However, there is no requirement that one store multiple
copies in the exact same way. C-Store allows redundant
objects to be stored in different sort orders providing
higher retrieval performance in addition to high
availability. In general, storing overlapping projections
further improves performance, as long as redundancy is
crafted so that all data can be accessed even if one of the
G sites fails. We call a system that tolerates K failures Ksafe.
C-Store will be configurable to support a range of
values of K.
It is clearly essential to perform transactional updates,
even in a read-mostly environment. Warehouses have a
need to perform on-line updates to correct errors. As well,
there is an increasing push toward real-time warehouses,
where the delay to data visibility shrinks toward zero. The
ultimate desire is on-line update to data warehouses.
Obviously, in read-mostly worlds like CRM, one needs to
perform general on-line updates.
There is a tension between providing updates and
optimizing data structures for reading. For example, in
KDB and Addamark, columns of data are maintained in
entry sequence order. This allows efficient insertion of
new data items, either in batch or transactionally, at the
end of the column. However, the cost is a less-thanoptimal
retrieval structure, because most query workloads
will run faster with the data in some other order.
However, storing columns in non-entry sequence will
make insertions very difficult and expensive.

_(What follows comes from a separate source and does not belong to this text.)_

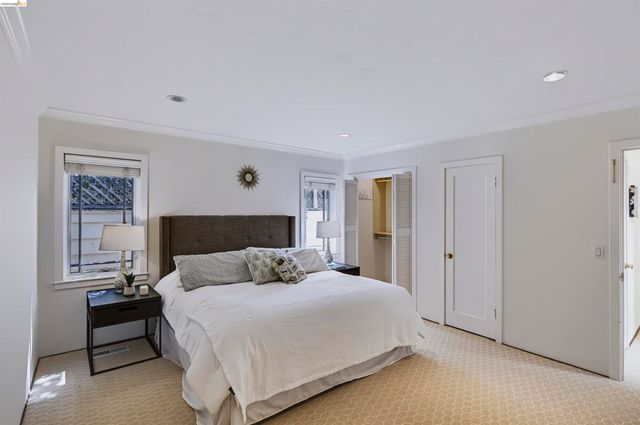 913 Monterey Cir, Monterey, CA 93940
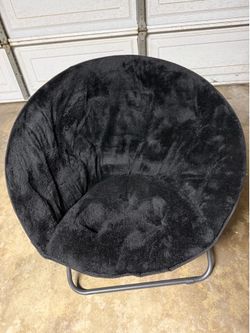 Black saucer chair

C-Store approaches this dilemma from a fresh
perspective. Specifically, we combine in a single piece of
system software, both a read-optimized column store and
an update/insert-oriented writeable store, connected by a
tuple mover, as noted in Figure 1. At the top level, there
is a small Writeable Store (WS) component, which is
architected to support high performance inserts and
updates. There is also a much larger component called the
Read-optimized Store (RS), which is capable of
supporting very large amounts of information. RS, as the
name implies, is optimized for read and supports only a
very restricted form of insert, namely the batch movement
of records from WS to RS, a task that is performed by the
tuple mover of Figure 1.